Par quatre arrêts en date du 1er décembre 1995, l'assemblée plénière de la Cour de cassation abandonne l'exigence d'une fixation du prix lors de la conclusion du contrat ou, à défaut, de modalités de détermination extérieures à la volonté d'une seule des parties. Est également déclarée valable la clause conférant à l'un des contractants le pouvoir de fixer le prix ultérieurement. Ce pouvoir de fixation du prix est désormais simplement contrôlé, par la technique de l'abus ouvrant droit à la résiliation du contrat, ou bien à l'indemnisation de la victime du prix abusif.
Une telle modification du droit positif constitue un événement considérable, aux incidences multiples et, en l'état, encore largement hypothétiques. Les interrogations l'emportent en effet sur les certitudes, de la validité du contrat sans clause de prix aux modalités d'identification de l'abus, en passant par les conditions et les effets de la résiliation, la possibilité de la cumuler avec une indemnisation, la conciliation entre règles communes et règles spéciales de détermination du prix, etc.

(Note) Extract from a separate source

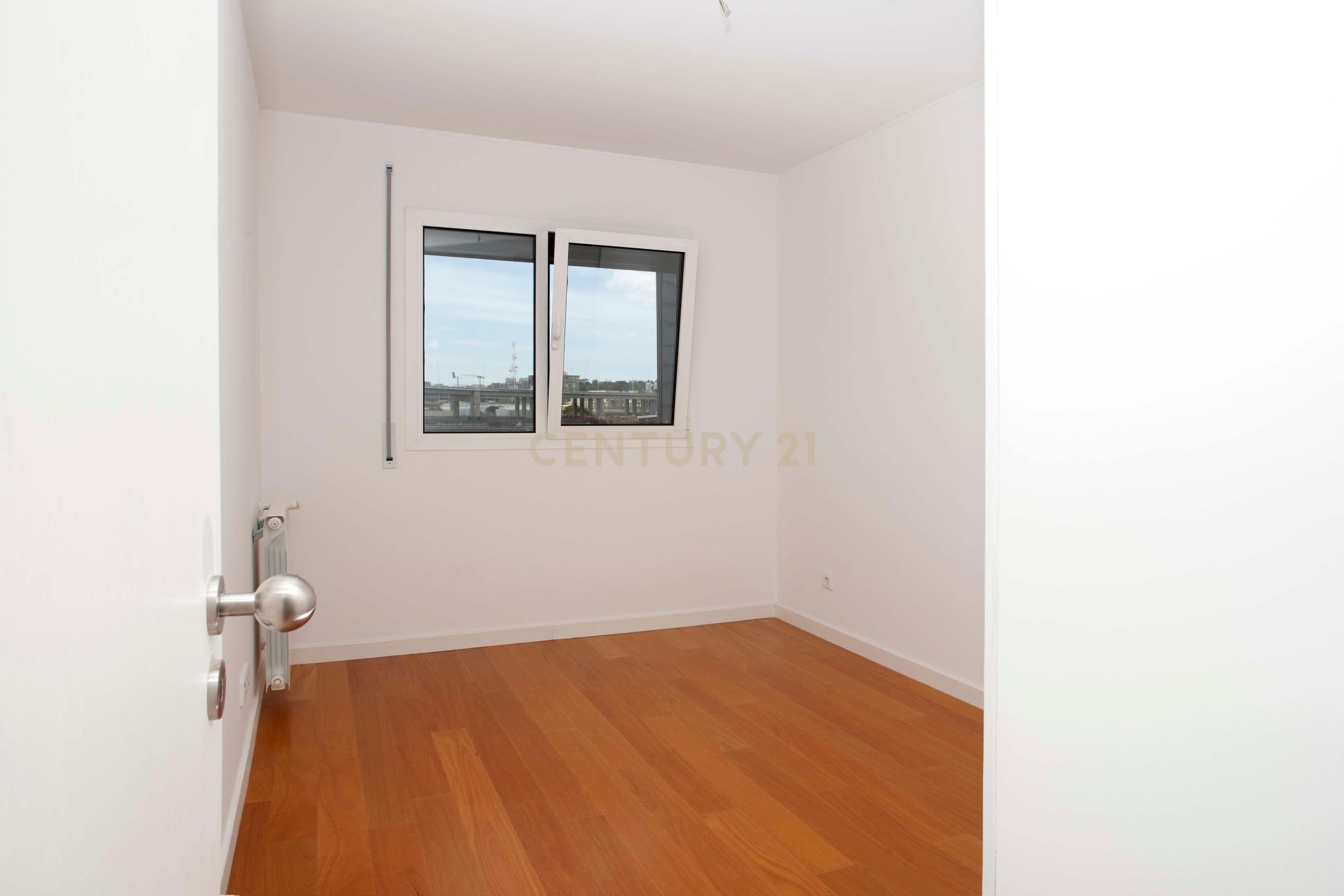 Apartamento T2 com Vista para o Mar em Lisboa - 1600€ - Image 4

Après la présentation du contenu même de ces décisions, le nouveau dispositif est envisagé dans son contexte et ses enjeux économiques. Puis les arrêts du 1er décembre 1995 sont analysés à l'aune des trois domaines qu'ils concernent directement et profondément : les contrats-cadre, les relations de dépendance, le droit commun. La présentation des solutions étrangères - allemandes spécialement - permet ensuite de mesurer si le revirement de jurisprudence est effectivement de nature à rompre l'isolement du droit français sur ces questions. L'ensemble des enseignements énoncés dans ces multiples approches est rassemblé en une synthèse qui fait le départ entre les certitudes acquises, les perspectives probables et les interrogations persistantes.